Last Updated: 20 Aug 2020


Employee engagement was not an expression much heard in smoke-filled 1970s personnel departments, where most people thought HR was an exotic variant of brown sauce. This was the era of mass walkouts and the three-day week. No industry was more afflicted than coal, but the OPEC-led energy crisis was giving some people cause for optimism. 'Things are beginning to move forward,' National Coal Board chairman Derek Ezra told MT in November 1973. 'In the 1980s we believe we will have the market... we think we can get the money. Above all, we have the coal.' One wonders what he'd have made of Hinkley Point.

National Coal Board chairman Derek Ezra (left) having a cuppa with NUM president Joe Gormley in 1974


The economic maladies of the 70s could be found in the ivory towers as well as the pits. Despite universities churning out more graduates, British managers were struggling to find suitable candidates for the roles they had. Was this mismatch caused by a surfeit of media studies courses and an army of Californian algorithms nabbing all the decent jobs like today? No - students just didn't want to work in business. 'Just look at the mess industry is in,' one undergrad told MT in April 1973. 'Redundancies, economic crisis... lots of companies are in serious trouble. The only intelligent response is to keep out of it.'


'The first and last thing to be said about Rolls-Royce is that there are no excuses. The company was not brought down by the inherent risks of high technology. The mistakes which killed it were common or garden errors of management,' wrote MT editor Bob Heller in March 1971. Current boss Warren East may be facing some turbulence, but compared to the crisis of the early 70s it's been clear skies. A bankrupt Rolls had to be nationalised, and a couple of years later its aerospace and motor companies were split in two.

Rolls-Royce Motors became a separate company in 1973: its Silver Shadow body shells (above) were made in Cowley


These days, big business means big bonuses, but it wasn't always the case. 'The frustration most commonly expressed by senior executives in the UK is an inability to accumulate any capital before retirement,' wrote Charles Norman in July 1971. The cause was the UK's 90% marginal top rate of tax, which somewhat ironically laid the foundation for the current culture of eye-watering share incentive schemes.


'The extent to which the impact of the Common Market will be greater than would have occurred anyway has been exaggerated...As one consultant says, "Continentals can't imagine the British don't have cartels".' MT flirts with Euroscepticism - unlike then PM Ted Heath (below) - in November 1971.
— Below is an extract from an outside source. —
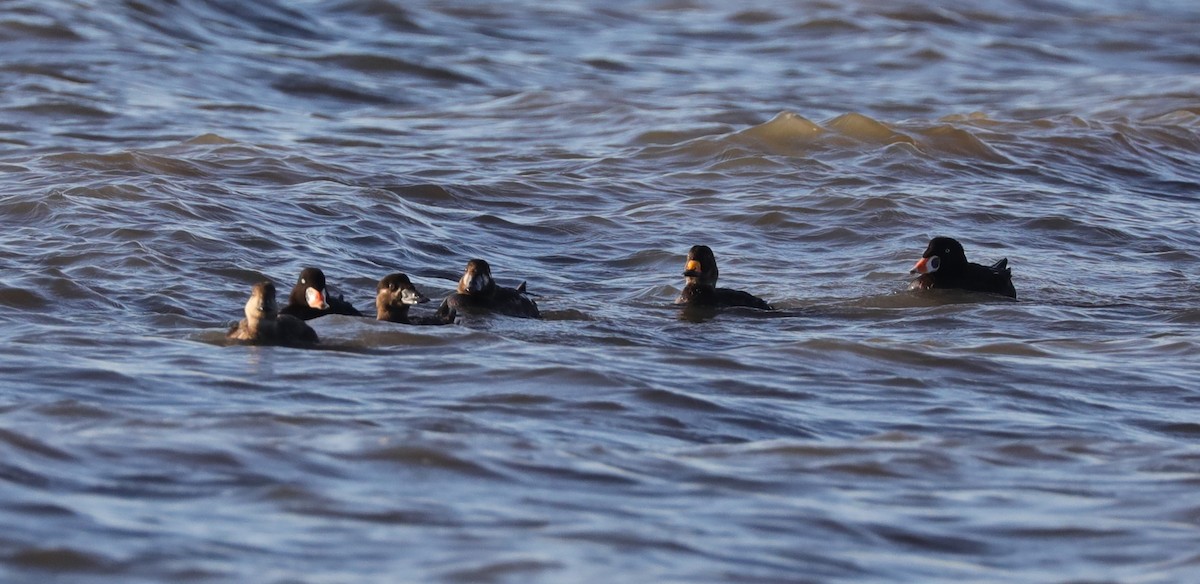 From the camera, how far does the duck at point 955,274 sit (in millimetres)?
13891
'Flexible working hours is a concept that has spread rapidly across the Continent, where some 2,000 applications are said to be in existence. In Britain, the idea has aroused great interest but, so far, little imitation.' January 1973

'Are the steps of the postman numbered?...Management, which to a large extent depends on exchange of documents, will certainly benefit from a better, more modern method of transmitting paperwork. The answer could be business facsimile - with every executive armed with a machine on his desk on which any paper wanted can instantly appear.' MT on the birth of the fax machine in April 1973.